Source records ▸

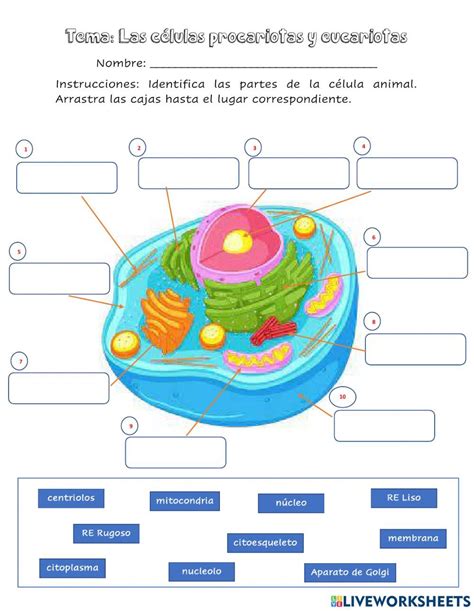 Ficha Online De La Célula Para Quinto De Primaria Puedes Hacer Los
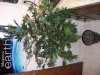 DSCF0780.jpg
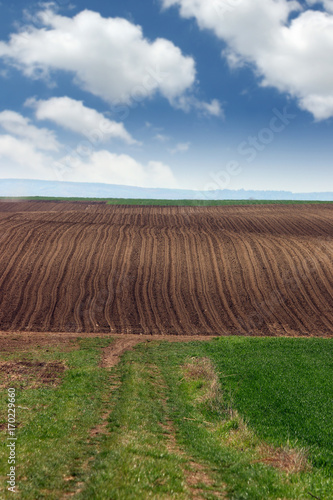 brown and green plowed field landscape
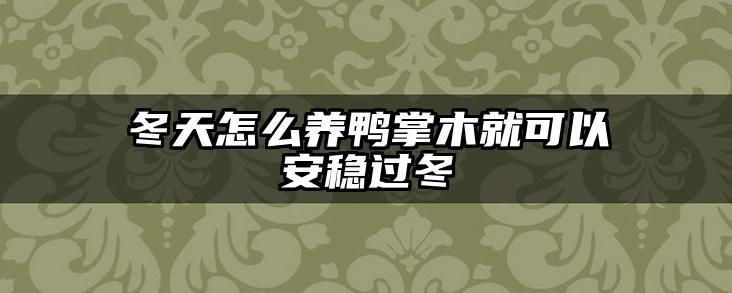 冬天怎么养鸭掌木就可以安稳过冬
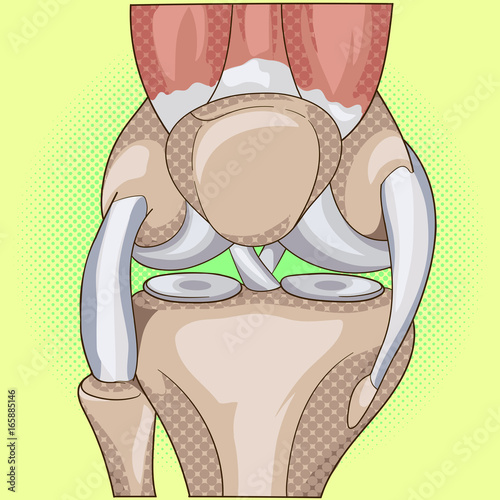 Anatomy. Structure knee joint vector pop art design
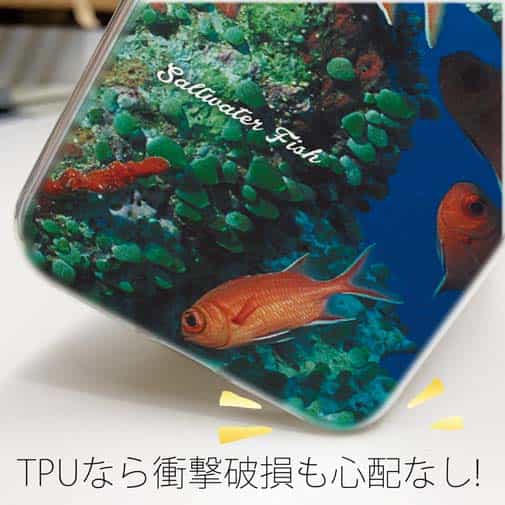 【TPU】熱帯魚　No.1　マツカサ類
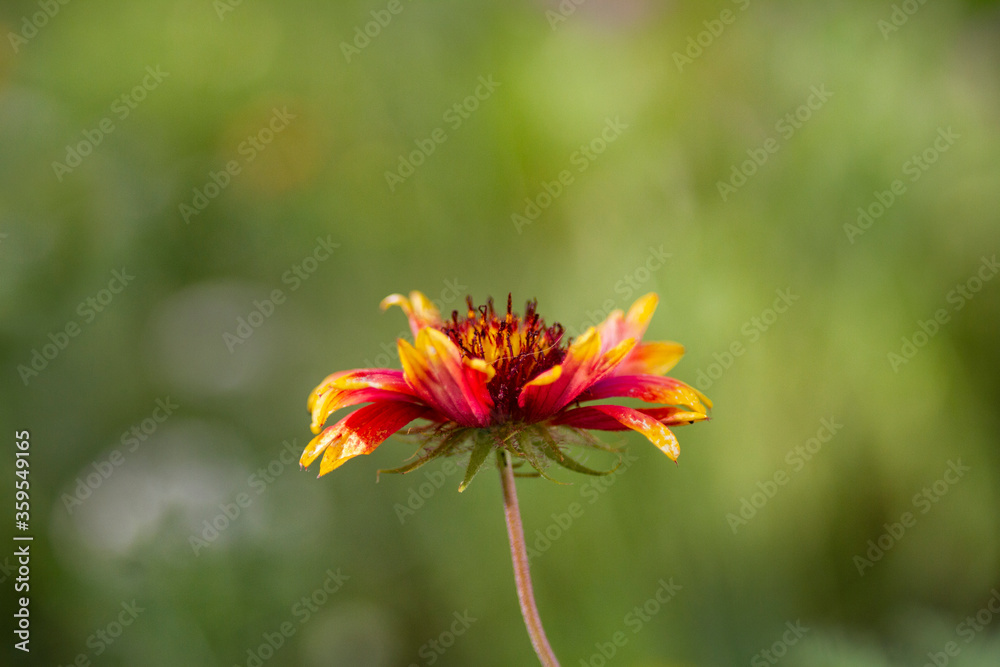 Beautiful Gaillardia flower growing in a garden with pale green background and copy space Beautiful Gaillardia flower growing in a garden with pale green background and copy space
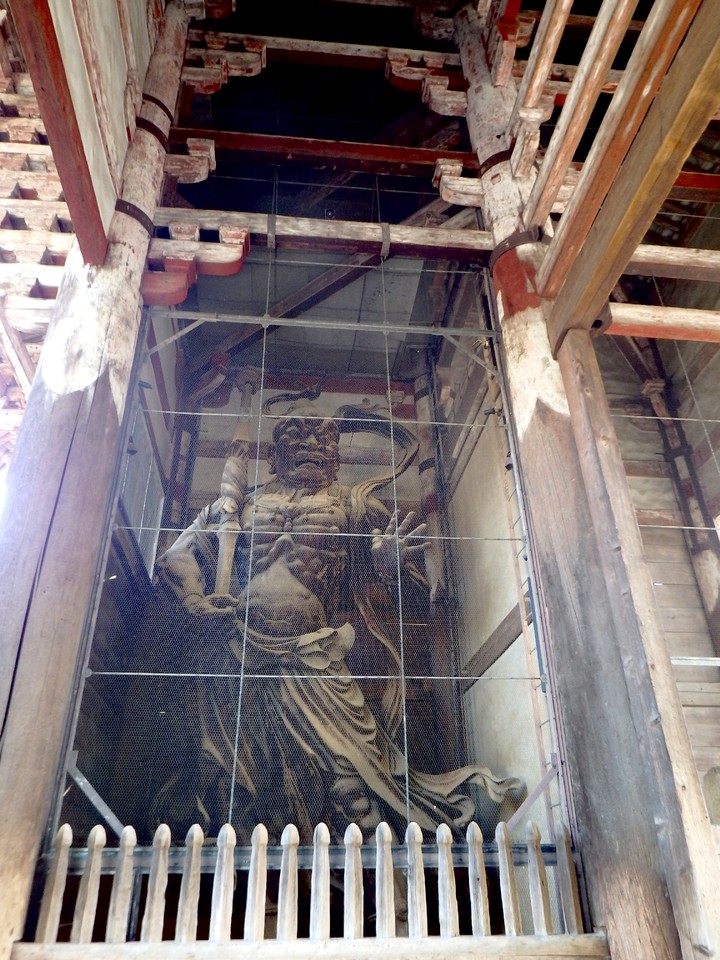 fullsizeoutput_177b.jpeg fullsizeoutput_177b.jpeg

Description of the task ▸ Please write out the lines from the one that holds "冬天怎么养鸭掌木就可以安稳过冬" through the end of the material, both ends included, exactly and with no pictures.

Result below ▸
 冬天怎么养鸭掌木就可以安稳过冬
 Anatomy. Structure knee joint vector pop art design
 【TPU】熱帯魚　No.1　マツカサ類
 Beautiful Gaillardia flower growing in a garden with pale green background and copy space Beautiful Gaillardia flower growing in a garden with pale green background and copy space
 fullsizeoutput_177b.jpeg fullsizeoutput_177b.jpeg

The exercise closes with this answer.